La France pourrait être le prochain test des fondations de l'euro

Leigh Thomas - Reuters - 26/06
"Parce que c'est la France", c'est ainsi que Jean-Claude Juncker, alors président de la Commission européenne, expliquait la décision de Bruxelles en 2016 de donner une marge de manœuvre au grand membre fondateur de l'Union européenne sur les règles budgétaires du bloc.
  • La France connaît des déficits élevés depuis 25 ans
  • L’UE semble adopter une position plus dure envers le gouvernement d’extrême droite
  • La France voit ses projets de dépenses modérer lors des négociations avec l'UE
FRANCFORT/PARIS, 26 juin (Reuters) - "Parce que c'est la France", c'est ainsi que Jean-Claude Juncker, alors président de la Commission européenne, expliquait la décision de Bruxelles en 2016 de donner une marge de manœuvre au grand membre fondateur de l'Union européenne sur le terrain. règles budgétaires du bloc.
Cette patience a persisté alors même que l’UE subissait une crise de la dette souveraine qui a failli faire sombrer l’euro et contraint des pays plus petits et plus endettés comme la Grèce et le Portugal à adopter des mesures d’austérité drastiques.
Mais toute indulgence envers l'exception française pourrait prendre fin si les élections anticipées en France produisent à Paris un gouvernement eurosceptique d'extrême droite qui pourrait tendre les liens avec les autres capitales européennes et mettre à l'épreuve les fondements mêmes du projet de l'euro.
Le Rassemblement national (RN) de Marine Le Pen insiste sur le fait qu'il ne ferait pas exploser le budget français.

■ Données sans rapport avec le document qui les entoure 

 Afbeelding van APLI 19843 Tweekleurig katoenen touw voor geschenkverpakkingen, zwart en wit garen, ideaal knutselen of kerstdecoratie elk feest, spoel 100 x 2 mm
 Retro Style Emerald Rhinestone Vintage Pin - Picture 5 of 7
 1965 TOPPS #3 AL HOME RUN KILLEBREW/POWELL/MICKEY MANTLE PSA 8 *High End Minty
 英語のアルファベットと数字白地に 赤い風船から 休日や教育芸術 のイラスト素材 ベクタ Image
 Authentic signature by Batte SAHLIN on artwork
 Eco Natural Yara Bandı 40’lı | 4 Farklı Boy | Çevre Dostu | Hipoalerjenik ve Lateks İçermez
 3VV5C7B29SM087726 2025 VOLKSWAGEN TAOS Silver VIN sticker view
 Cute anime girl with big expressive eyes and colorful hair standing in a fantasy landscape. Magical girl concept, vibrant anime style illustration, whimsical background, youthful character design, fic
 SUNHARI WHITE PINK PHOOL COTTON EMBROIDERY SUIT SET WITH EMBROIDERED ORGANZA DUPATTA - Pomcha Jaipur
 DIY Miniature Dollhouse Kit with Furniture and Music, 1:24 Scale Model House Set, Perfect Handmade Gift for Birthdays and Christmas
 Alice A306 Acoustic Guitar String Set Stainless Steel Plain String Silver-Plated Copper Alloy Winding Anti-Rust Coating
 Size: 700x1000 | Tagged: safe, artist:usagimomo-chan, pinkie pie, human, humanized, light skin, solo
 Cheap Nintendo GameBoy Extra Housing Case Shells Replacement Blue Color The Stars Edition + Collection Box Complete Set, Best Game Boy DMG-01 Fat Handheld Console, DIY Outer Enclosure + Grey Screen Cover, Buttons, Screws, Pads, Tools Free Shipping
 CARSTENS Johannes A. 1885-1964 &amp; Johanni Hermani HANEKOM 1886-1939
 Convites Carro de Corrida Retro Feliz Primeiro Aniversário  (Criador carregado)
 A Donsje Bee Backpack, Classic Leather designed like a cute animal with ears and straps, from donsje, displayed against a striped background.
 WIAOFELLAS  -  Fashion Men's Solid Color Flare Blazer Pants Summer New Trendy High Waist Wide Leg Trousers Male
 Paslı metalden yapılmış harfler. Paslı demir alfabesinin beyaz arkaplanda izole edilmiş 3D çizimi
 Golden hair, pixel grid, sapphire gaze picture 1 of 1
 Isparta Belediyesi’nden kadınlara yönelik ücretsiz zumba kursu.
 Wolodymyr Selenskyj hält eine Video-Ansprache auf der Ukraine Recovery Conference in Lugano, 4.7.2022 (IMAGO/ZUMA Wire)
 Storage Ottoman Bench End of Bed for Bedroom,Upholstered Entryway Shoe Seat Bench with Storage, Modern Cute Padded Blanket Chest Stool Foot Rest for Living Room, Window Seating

Mais des questions persistent quant à la manière dont elle financerait des plans de dépenses coûteux dans le cadre des nouvelles règles budgétaires de la zone euro et si la Banque centrale européenne pourrait intervenir pour aider si les marchés financiers se retournaient contre la France.
"Si un pays peut simplement ignorer les règles et être aidé par la banque centrale, il y aura beaucoup de doutes sur la valeur future de l'euro et sur la cohésion future de l'euro", a déclaré Holger Schmieding, économiste à Berenberg.
De telles préoccupations ne figurent pas à l'ordre du jour officiel du sommet européen de jeudi. Mais avec le RN en tête des sondages lors des deux tours qui débuteront le 30 juin, ils ne manqueront pas d'occuper l'esprit des collègues dirigeants du président Emmanuel Macron.
De hauts responsables du gouvernement allemand se sont déclarés consternés par la décision surprise de Macron de convoquer des élections qui pourraient ouvrir la voie à un gouvernement dirigé par le RN. Certains l'ont comparé au pari malheureux de l'ancien Premier ministre britannique David Cameron sur un référendum sur le Brexit.